YOUR OBJECTIVE ▸
Set down the entries again word for word, without any of the images.

Scraped caption text data
----

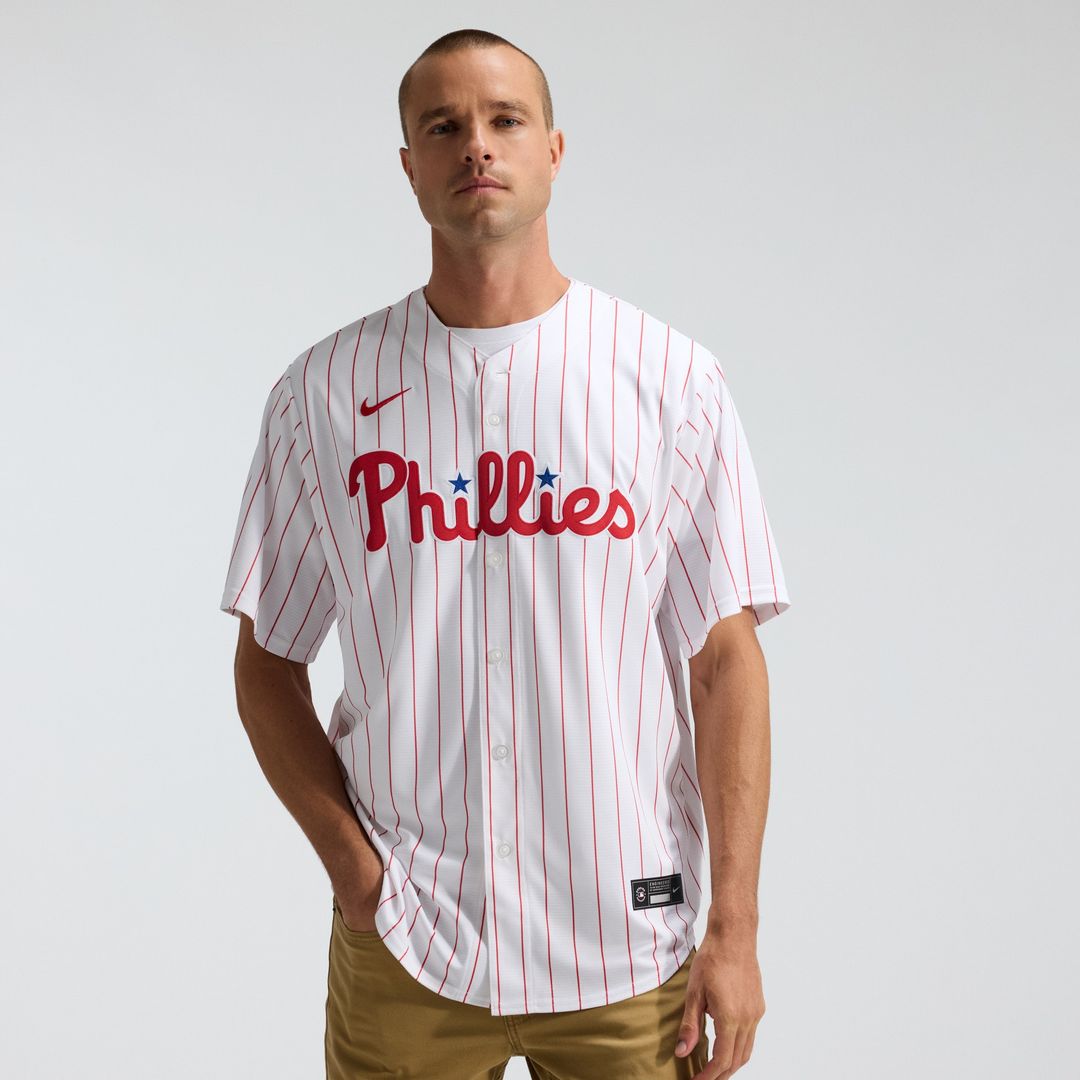 Philadelphia Phillies Nike Home Replica Team Jersey - White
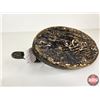 Image 8 : Wooden Duck Decoy (Consignor Tag - Working Blue Bill Hollow Glass Eyes 1940's)  (Measures : 5-1/4"H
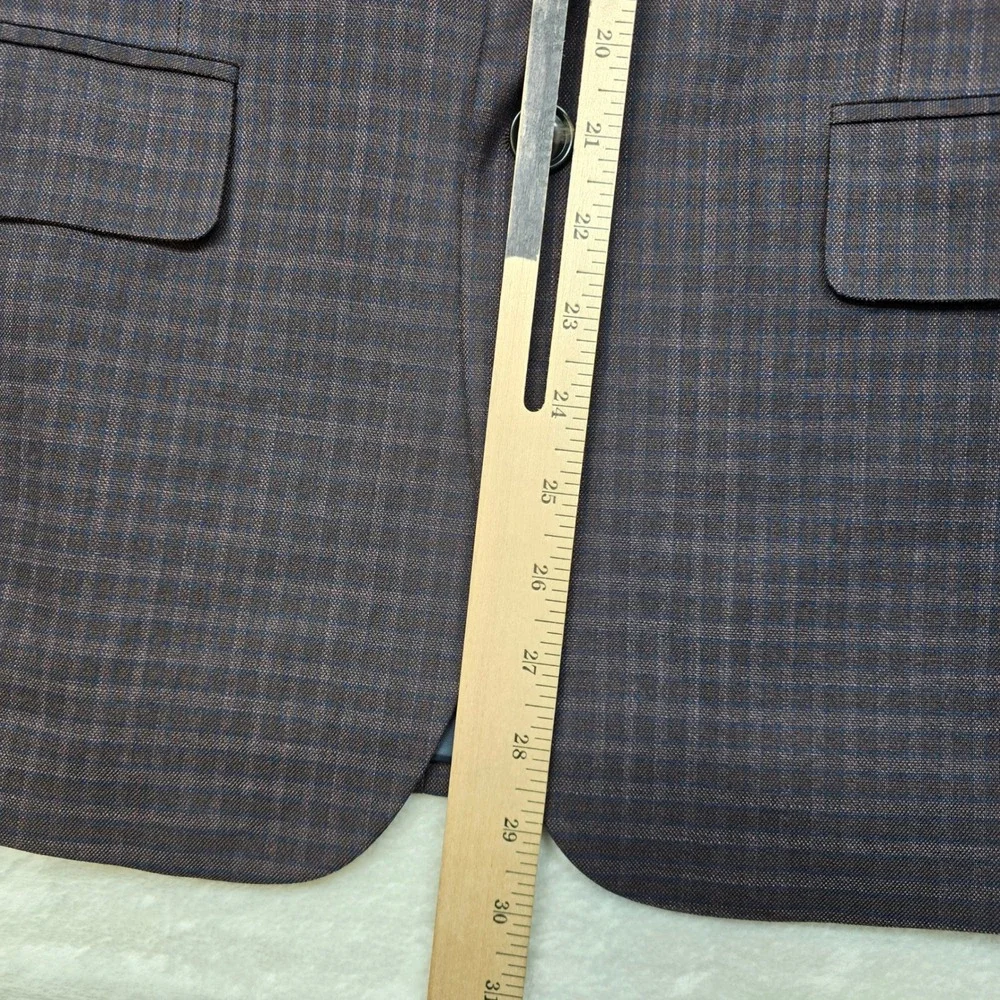 Tommy Hilfiger Conrad Sport Coat Mens 38R 38 Purple Plaid Flex Blazer $295 NEW‎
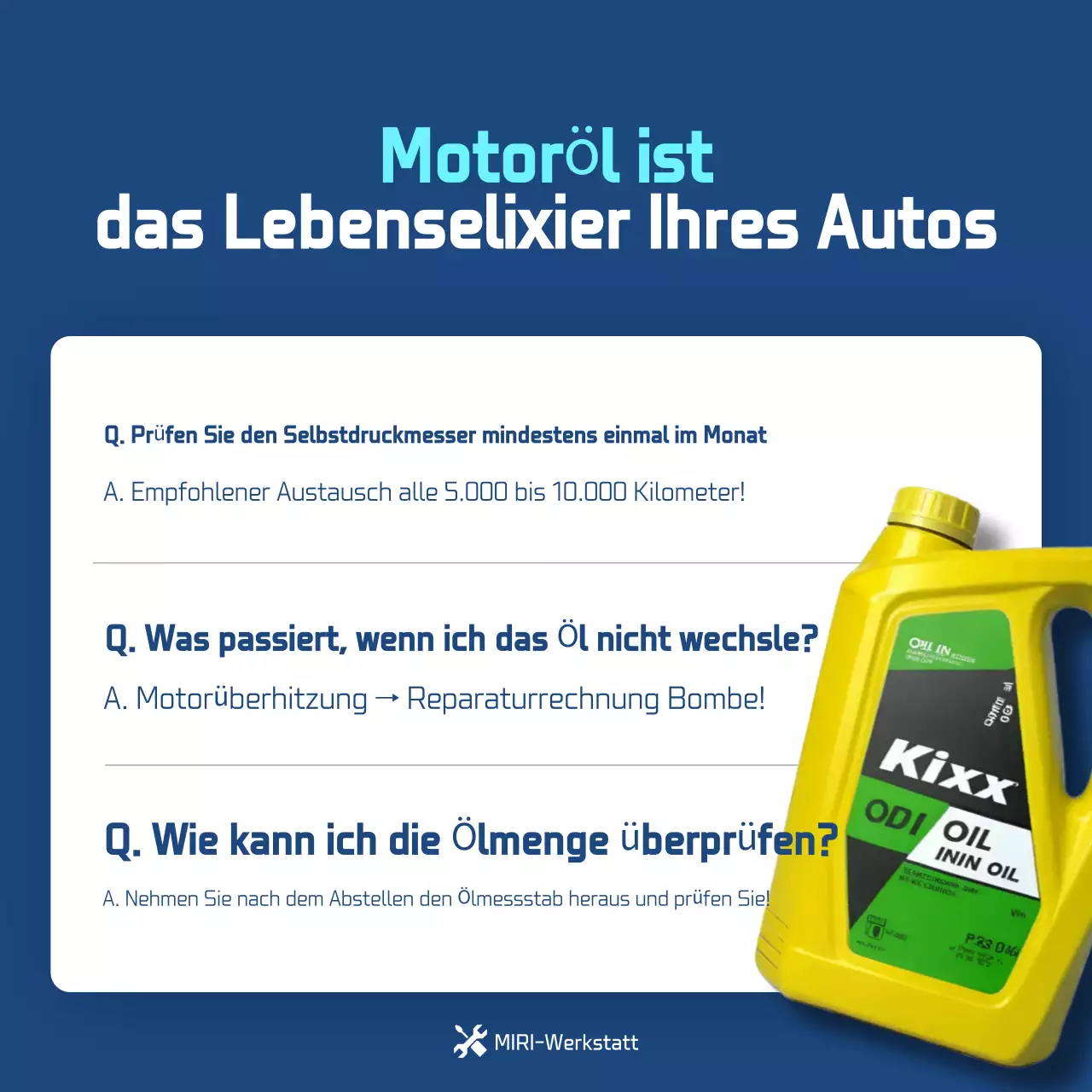 Blauer Leitfaden zur modernen Autoinspektion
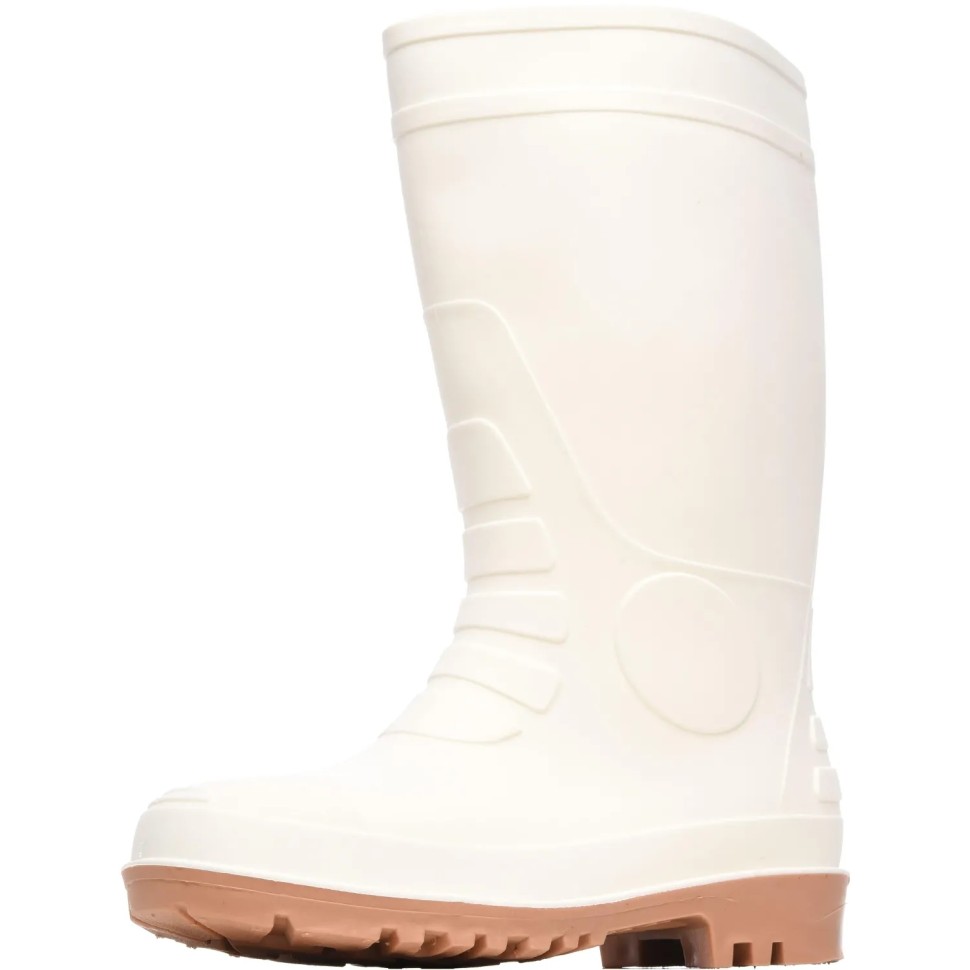 Сапоги ПВХ цв.Белый мод.Worker189/2-00 c МП р.36
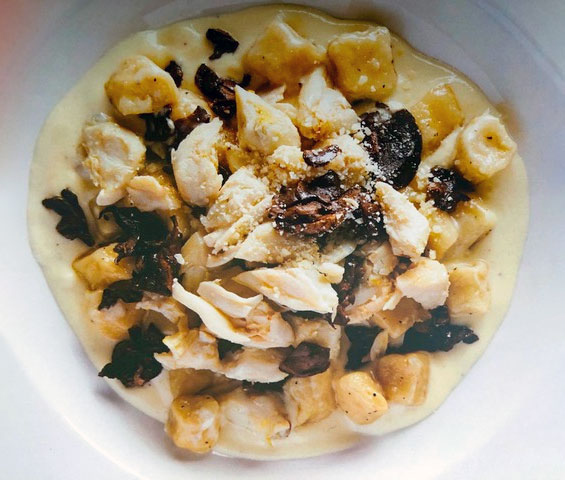 Crabmeat with Wild Mushrooms and Gnocchi thumb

----

FINISHED EXERCISE ▸
 Philadelphia Phillies Nike Home Replica Team Jersey - White
 Image 8 : Wooden Duck Decoy (Consignor Tag - Working Blue Bill Hollow Glass Eyes 1940's)  (Measures : 5-1/4"H
 Tommy Hilfiger Conrad Sport Coat Mens 38R 38 Purple Plaid Flex Blazer $295 NEW‎
 Blauer Leitfaden zur modernen Autoinspektion
 Сапоги ПВХ цв.Белый мод.Worker189/2-00 c МП р.36
 Crabmeat with Wild Mushrooms and Gnocchi thumb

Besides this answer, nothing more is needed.